## Problem requirements
Below are entries with pictures in them. Output exactly the lines starting at the line with "Lladro birds kissing" and ending at the line with "玩物直播酒鹐-251104 红绿灯白袜空", both included, but not the pictures.
Start of Exercise inputs
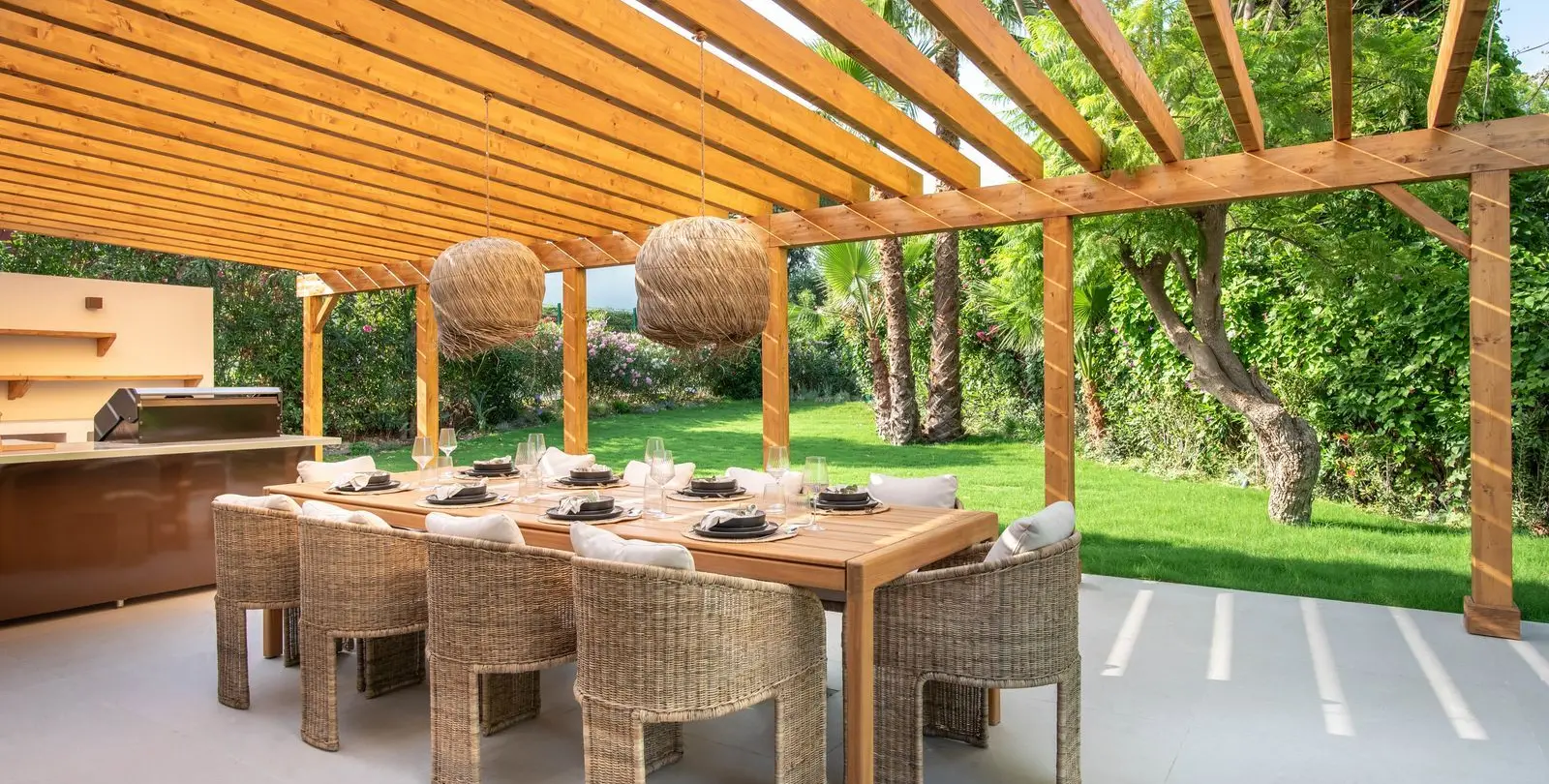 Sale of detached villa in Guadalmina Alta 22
End of Exercise inputs
Start of Exercise inputs
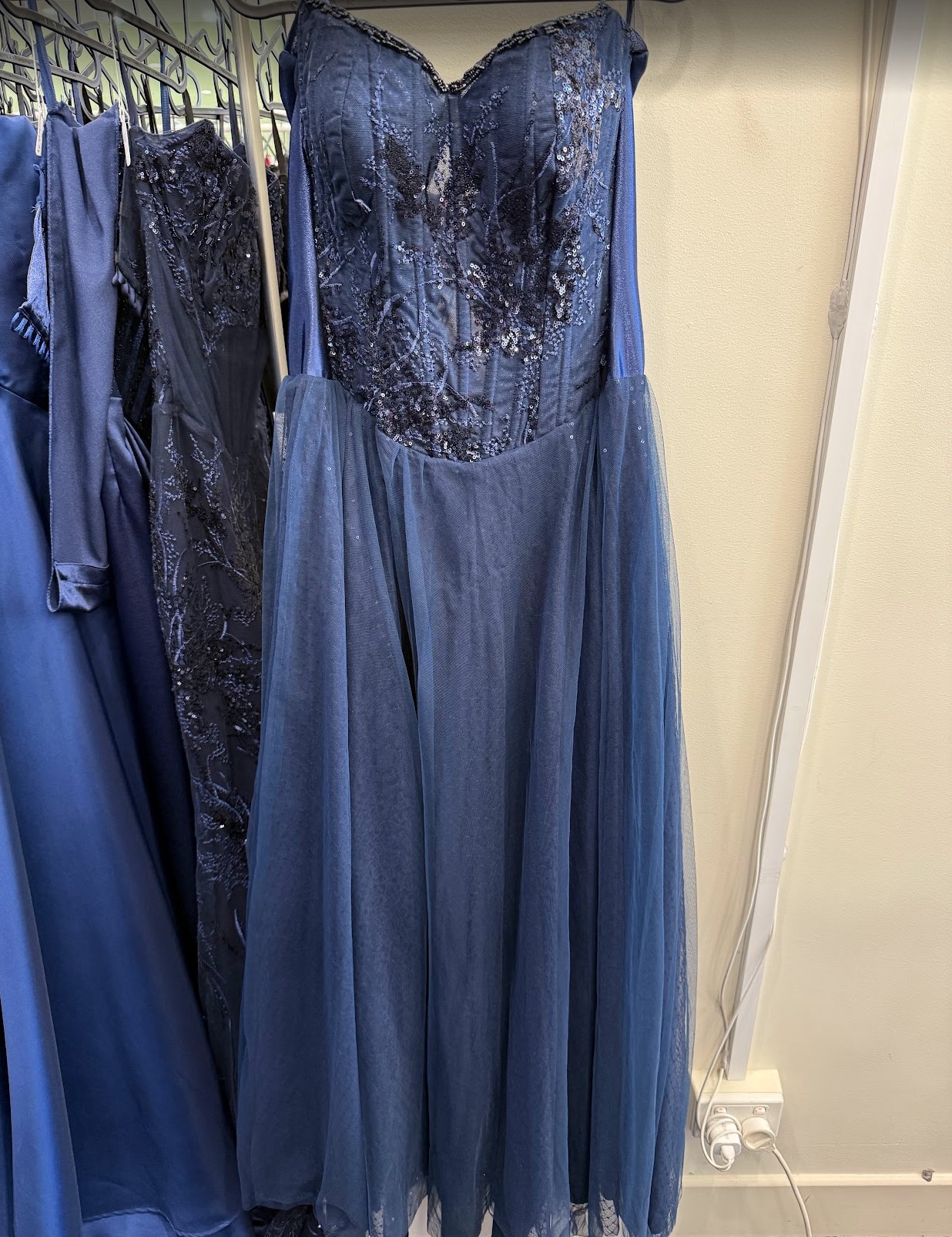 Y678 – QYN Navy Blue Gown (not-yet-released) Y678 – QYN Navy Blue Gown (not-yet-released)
End of Exercise inputs
Start of Exercise inputs
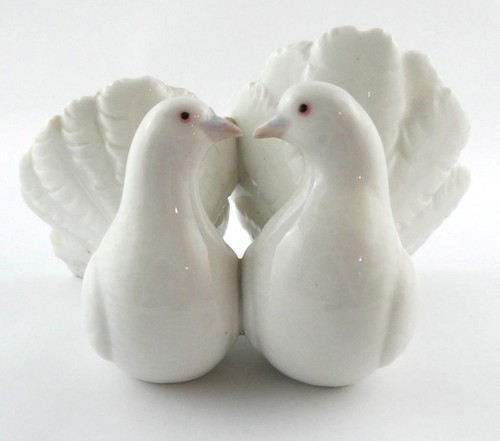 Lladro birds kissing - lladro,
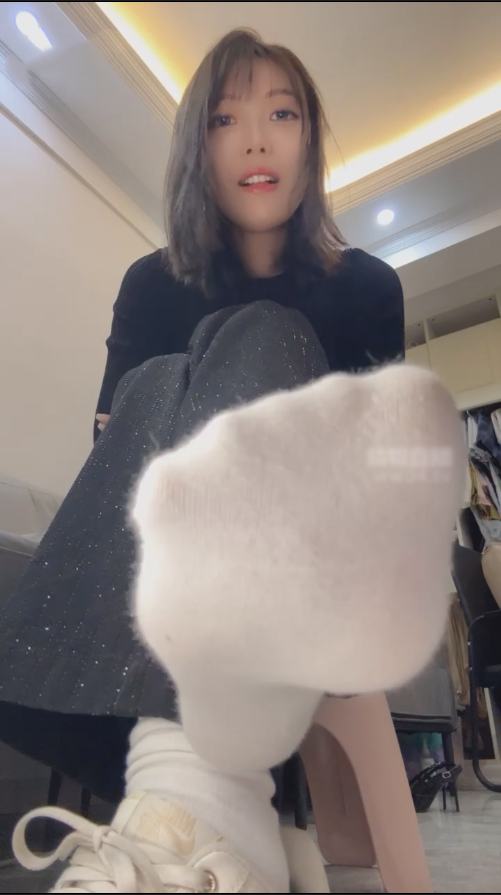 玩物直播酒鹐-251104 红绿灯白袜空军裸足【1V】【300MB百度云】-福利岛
End of Exercise inputs
## Answer for the task
 Lladro birds kissing - lladro,
 玩物直播酒鹐-251104 红绿灯白袜空军裸足【1V】【300MB百度云】-福利岛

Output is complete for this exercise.